You other authors know what I'm talking about. Finishing the draft of a manuscript, sending it off, and then having that haze over you while you play the waiting game.
For like two days my I wandered around not knowing what to do with my strictly scheduled free time. It almost feels like the first day of summer vacation when you still feel like you have homework to do. One night the hubs lost his shift for his work from home job and was excited to make plans with me. I was like, "That would be nice, but if you're not hogging the computer I should really work on my...Oh wait..."
We had a pleasantly rare evening. We went out to eat at one of our favorite local places and played a card game while watching a movie after we put the kid to bed. The whole time I felt like there is something I should have been doing, writing wise.
Of course there is. There is always book stuff that needs to be done. I've come to accept that I will die without writing all the books that I need to write. Next on the to do list while I'm waiting to get my manuscript back is finishing Bloodstones, the second book in the Onyx Moon trilogy. I paused in the middle of the first draft to get Sigil in Shadow out before my head exploded. And of course, once you publish a book, you can never stop promoting.

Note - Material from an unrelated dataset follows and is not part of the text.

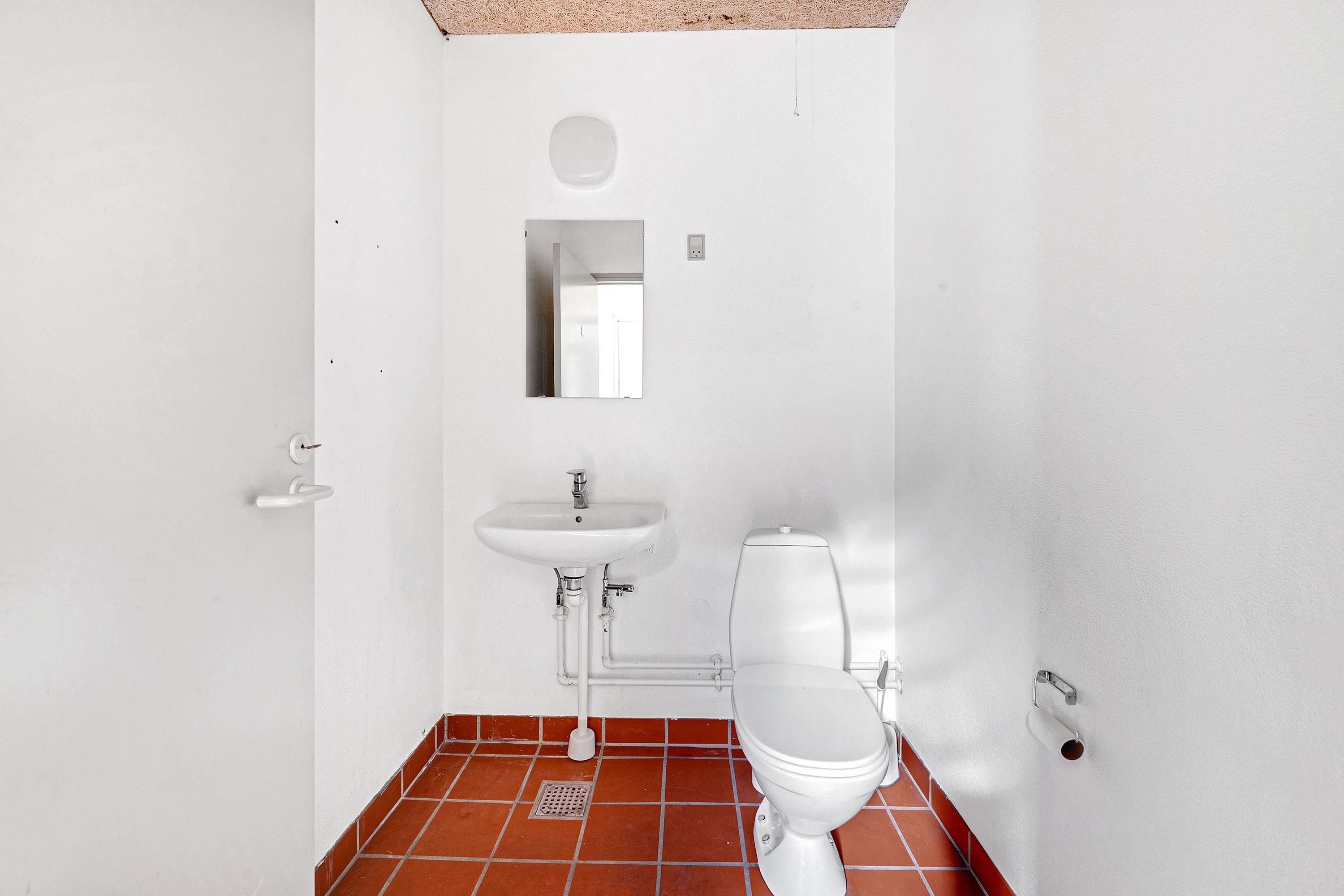 Et lille, rent og rent toilet med et hvidt toilet, en hvid vask med vandhane og et håndklædehylde på den ene side og et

And I will. I'll get back to all of that. But for now I think I just need a short sabbatical to rewire my brain. I'm still so rooted in the kingdom from Sigil in Shadow that it's hard to think of anything else; In the real world and in my head. The world of Alethia seems so out of reach. I see it, but it's just far away at the moment.
I just need a week or two in reality. I need to play outside with my daughter more now that the weather is becoming tolerable. And read more "gooks" to her, if that's even possible. My husband also deserves a little more attention. He's so patient and supportive of my need to write on a daily basis. He's given up a lot of game nights and set back watching "our" shows so that I can get things done on time.
I also need to reconnect with my friends. I am a terrible friend and I know it. A lot of times, instead of going out I'll think, "well, I really need to get X and Y done..." before you know it, my friends forget what my voice sounds like.
Don't worry, I'll still be reading and reviewing. I don't think I could ever quit that. I should have the next review up in less than a week. But for now, I'm going to take a few guilt-free naps and socialize a bit before I retreat back into my chaotic head for several months.